COLLECTED DATA:
+-------+

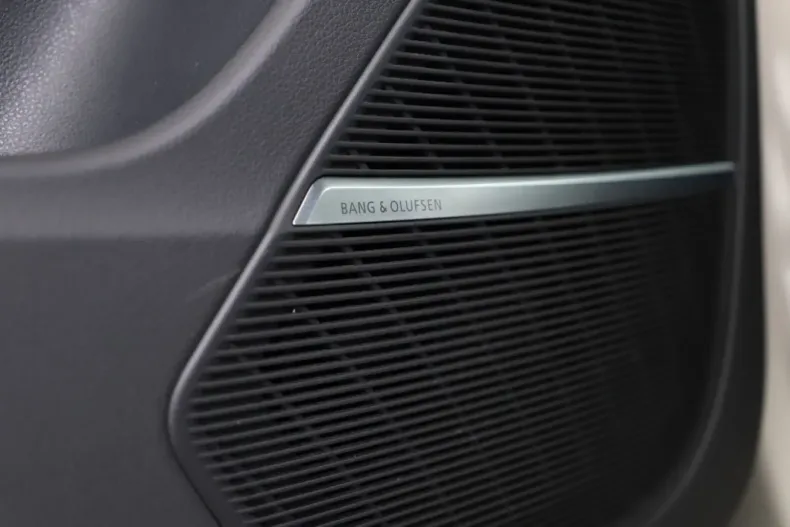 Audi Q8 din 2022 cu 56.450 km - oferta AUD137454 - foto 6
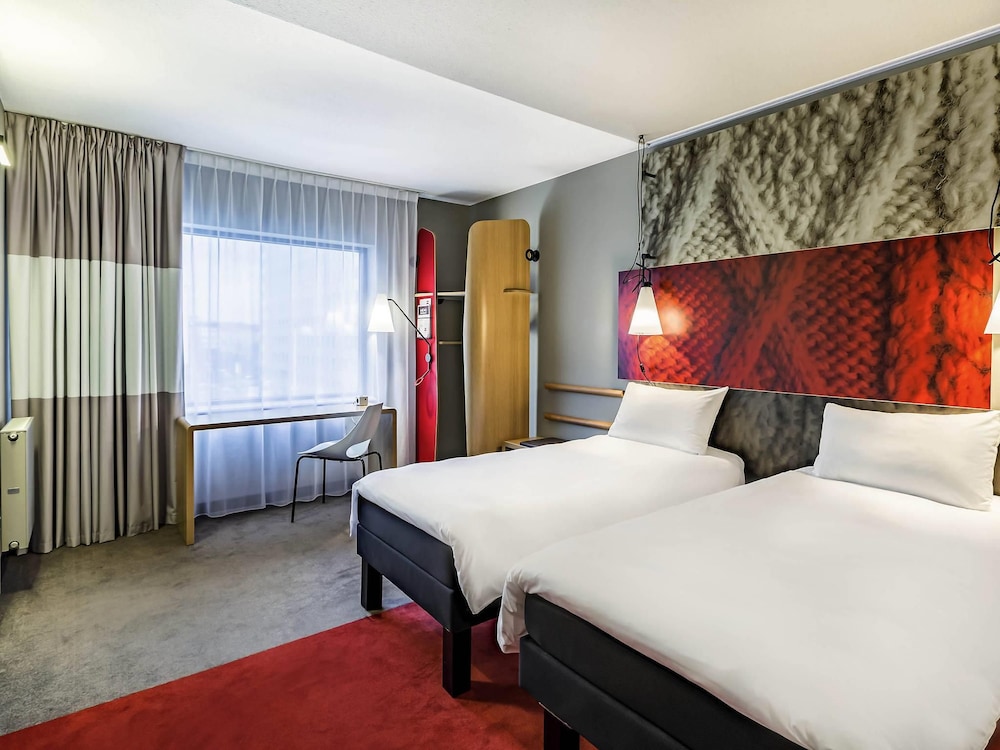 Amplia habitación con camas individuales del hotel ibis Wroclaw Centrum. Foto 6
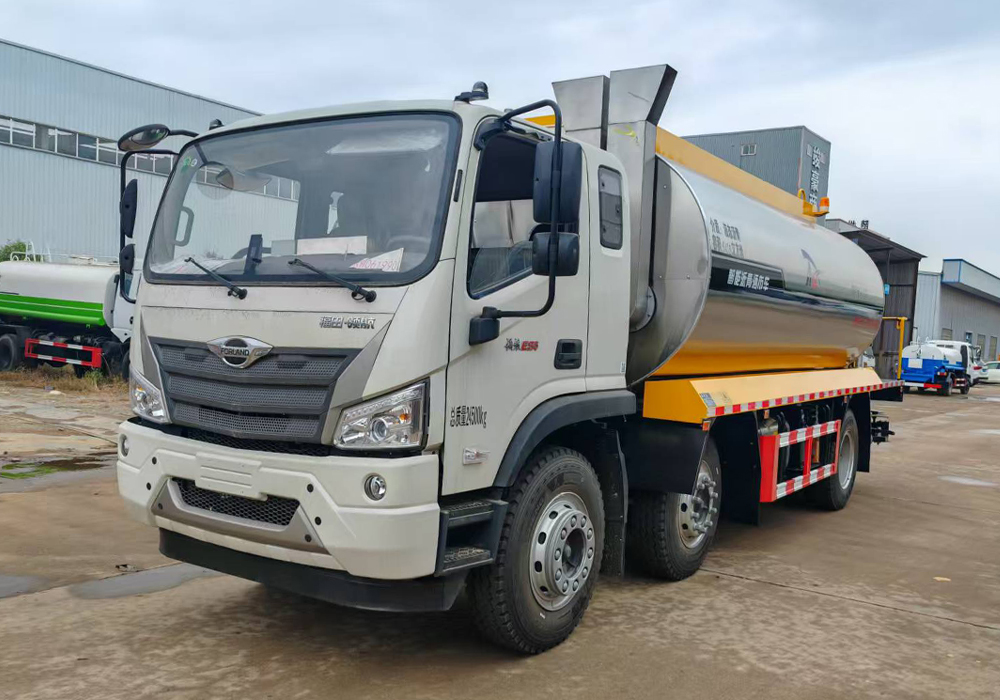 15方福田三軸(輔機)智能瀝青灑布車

+-------+

No pictures, please. Output the listing above exactly as it stands.

RESPONSE:
 Audi Q8 din 2022 cu 56.450 km - oferta AUD137454 - foto 6
 Amplia habitación con camas individuales del hotel ibis Wroclaw Centrum. Foto 6
 15方福田三軸(輔機)智能瀝青灑布車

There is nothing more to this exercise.